The Goodwill Games are only half way to their ticket sales goal with the launch of the multi-sport extravaganza just four days away, but the top Games organiser is not concerned.

Goodwill Games president Michael Plant told Reuters that just over 200,000 tickets had been sold to the 15-sport, 15-day affair that begins in earnest Sunday with track and field, basketball, gymnastics and synchronized swimming.
"Our goal has been to sell between 350,000 and 400,000 tickets," admitted Plant, who said the ultimate capacity for spectators at the various venues would be more than 500,000.
"Do we think we can sell 200,000 tickets in the 15 days of the Games? Absolutely. A lot of our marketing, and our ethnic marketing, is designed to run within 48 hours of the events. Like with the Cuban boxers. It's all part of the strategy."
Plant said holding the Games in New York, where venues are mainly split between Manhattan and Long Island, has presented the organisers with unique conditions, "both from the positive and challenging side."
"Among the challenges to winning interest is that it is simply summer in New York. There is no other city in the world with so many options for people to do things.
"But this is also the biggest place to come to. People from 160 different countries live here, and there are great sports fans here."

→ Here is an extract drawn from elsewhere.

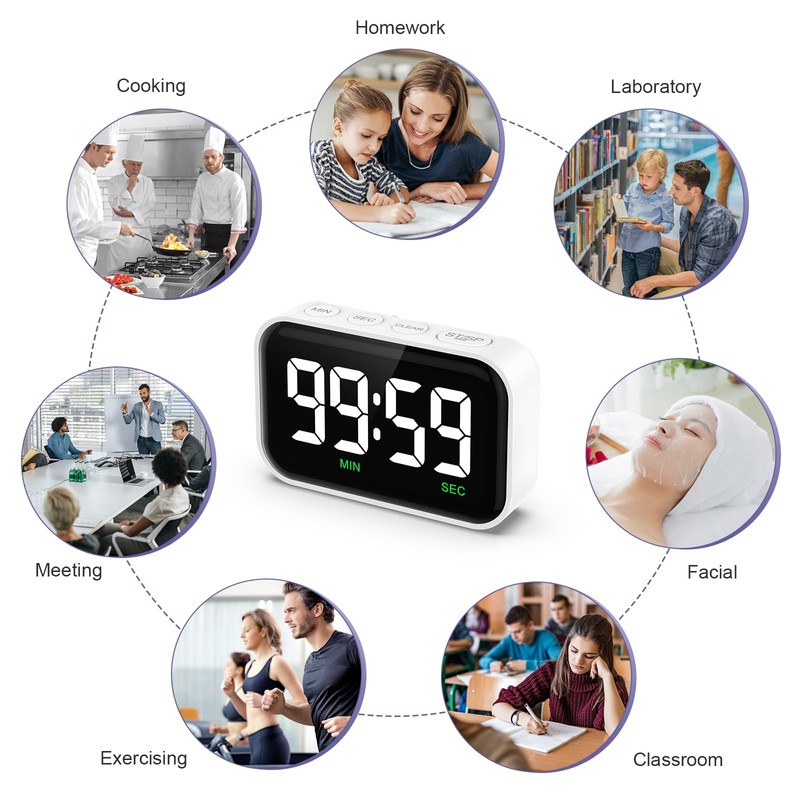 OQIMAX Digital Timer, Countdown Timer/Count Up, Magnetic Digital Kitchen Timer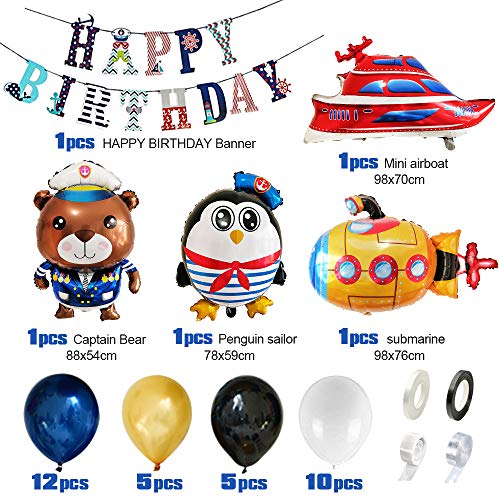 APERIL Decoración de cumpleaños de Globos, Kit de Suministros de Pancarta de Feliz , Submarino / Dibujos Animados de Pingüinos Marinero Globos para niños Fiesta de Cumpleaños de niños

Plant, who is also vice president of sports properties for Turner Sports, a subsidiary of Time Warner, would not reveal financial figures for the Games, but Games founder Ted Turner has never been shy about the heavy losses incurred in staging the previous Games in Moscow, Seattle and St Petersburg, Russia.
"Ted has said he lost over $100 million on the first three Games," Plant said. "Some people consider it a loss. Others consider it an investment in a franchise this company owns. We are building up the property value in the franchise."
Of course, the Games have provided valuable television programming. Plant said there will be 45 hours broadcast live on the TBS superstation and repeats of the shows.
There will also be 10 hours of weekend coverage aired on the CBS network, and eight hours on HBO during the last four days of the boxing competition at the close of the Games.
"I look at the Super Bowl, the Final Four, USA Today, some ventures in sports, some not, and the last I checked they all didn't make money at the start," said Plant.
"We're starting to turn the corner. These Games will be more financially successful than any of them in the past."
The athletes also stand to be better off financially as the Games is offering a total of $5 million in prize money and performance incentives to assemble the best field possible.
On Saturday, the organisers are expected to announce other changes, including a shift of the timing of the next Games to the year 2001 so they don't compete with the 2002 Winter Olympics, the next World Cup soccer tournament, the Commonwealth Games and the Asian Games.
The next site of the Games, which were originally launched to help break down cold-war barriers between the Soviet Union and the United States, is expected to be awarded to a city outside the United States and Russia for the first time.